Pension buyouts have been in a lull so far in 2013, but insurers and consultants expect a rush by corporate defined benefit plans in the next several years.
That's because expectations of rising interest rates plus improved funding ratios for many plans will make it easier and less expensive to sell their liabilities to insurers, sources said.
Executives at annuity providers like Newark, N.J.-based Prudential Financial Inc. and Metropolitan Life Insurance Co., New York, expect a total of $2 billion to $5 billion in buyouts by the end of 2013. Year to date there's been about $1 billion in activity, but corporate plans historically ramp up their decisions on pension buyouts in the last quarter.
Glenn O'Brien, managing director and head of U.S. distribution and client management for pension risk transfer at Prudential in New York, said he expects about $2 billion in pension buyouts in 2014, possibly reaching $3 billion. ”We think $150 billion in five years could get done.”
Ed Root, vice president of U.S. pensions at MetLife, said several “super jumbo” pension plans could be in a position to do an annuity transaction in 2014, but he wouldn't name the plans. He also expects an average of $20 billion in pension buyout deals annually over the next 10 years.
So far this year, buyout activity has been average compared with the last 10 years, but far below the heady days of 2012, when high-profile pension buyouts at General Motors Co. and Verizon Communications Inc. propelled the liability annuitization market to about $37 billion for the year.
“The market won't rebound to $37 billion this year,” said Richard McEvoy, partner and leader of Mercer LLC's U.S. financial strategy group, New York. “The market hasn't taken off, and (current) interest rates have a lot to do with this, but sponsors take a while to get their act together. They're talking about it.”

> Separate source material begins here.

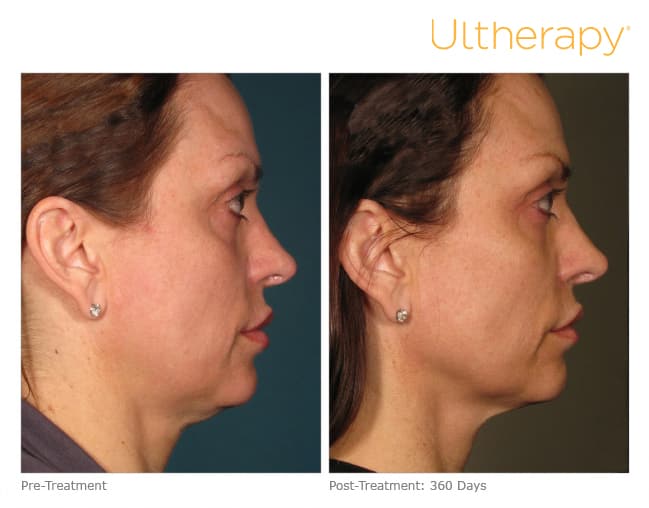 Ultherapy Before & After 360 days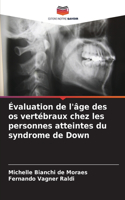 Évaluation de l'âge des os vertébraux chez les personnes atteintes du syndrome de Down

“We knew, especially after Verizon and everything else, that 2013 was going to be a disappointing year,” Mr. O'Brien said. “But (executives at large plans) know they can get it done, depending on their funded status.”
Said Donald Stegall, financial adviser in the Paramus, N.J.-based Napolitano Group at Morgan Stanley: “Once the dam breaks, there's going to be a huge flood of pension buyouts.”